• _What you will do_:
Below is a listing to write out in full, exactly as given, without its pictures.
□ □ □
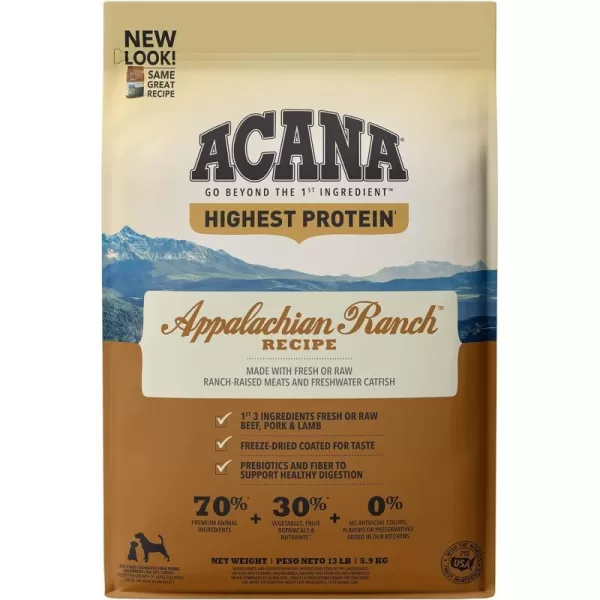 imageACANA Highest Protein Grasslands Grain Free Dry Dog Food 13lbAppalachian Ranch 13 lb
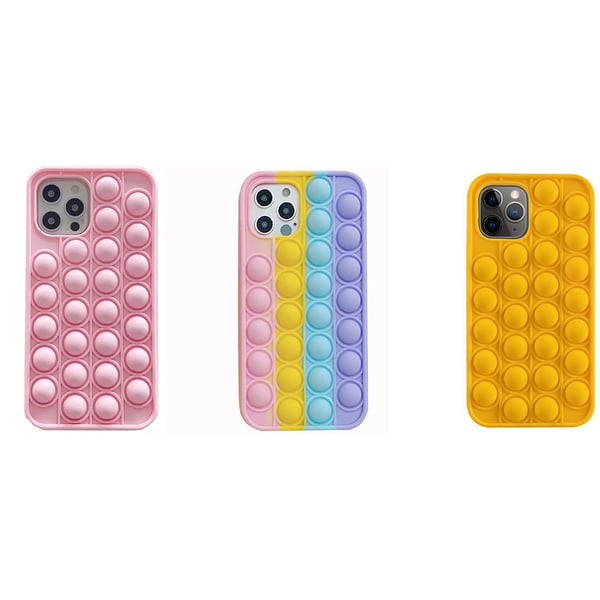 iPhone 12 Pro Max - Genomtänkt Fidget Pop It Silikonskal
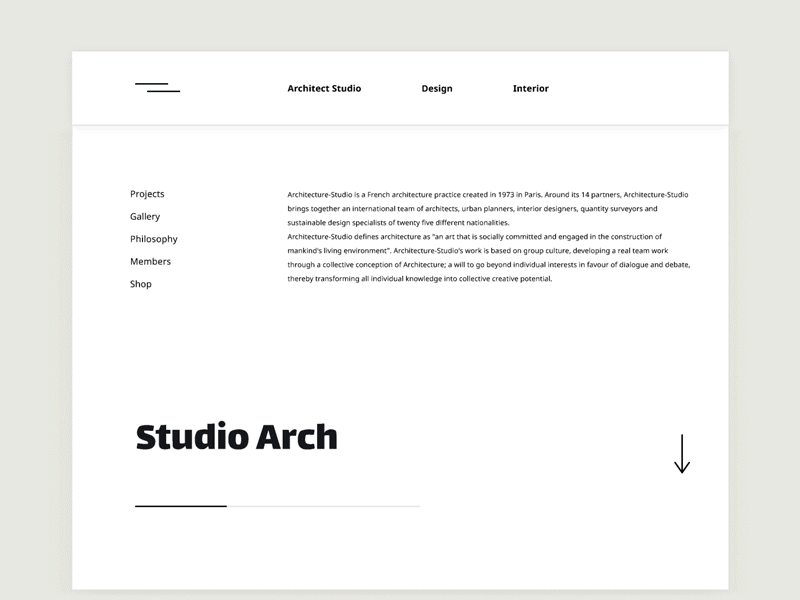 StudioArch UI architecture branding dailyui design ecommerce homepage illustration interior logo nft ui ux vector viral web website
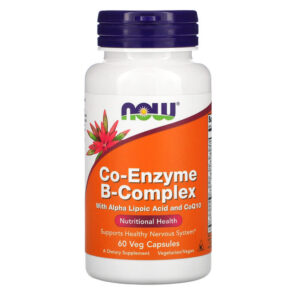 Thực phẩm chức năng NOW Foods Co-Enzyme B-Complex 60 Veg Capsules 733739004062
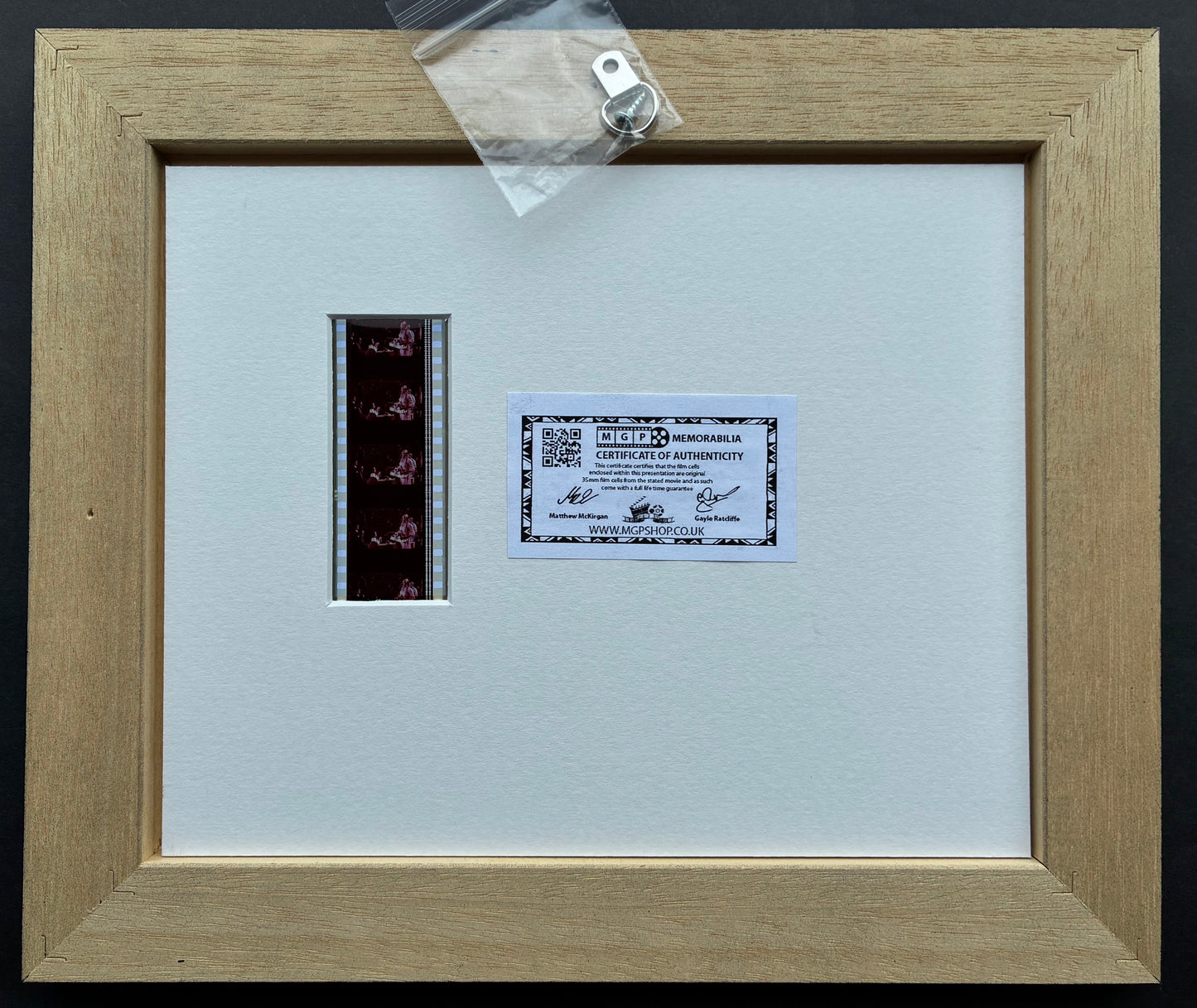 MONTY PYTHON 1982 Original 35mm Film Cells set within Quality Wood Frame + COA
□ □ □
• _Completed exercise_:
 imageACANA Highest Protein Grasslands Grain Free Dry Dog Food 13lbAppalachian Ranch 13 lb
 iPhone 12 Pro Max - Genomtänkt Fidget Pop It Silikonskal
 StudioArch UI architecture branding dailyui design ecommerce homepage illustration interior logo nft ui ux vector viral web website
 Thực phẩm chức năng NOW Foods Co-Enzyme B-Complex 60 Veg Capsules 733739004062
 MONTY PYTHON 1982 Original 35mm Film Cells set within Quality Wood Frame + COA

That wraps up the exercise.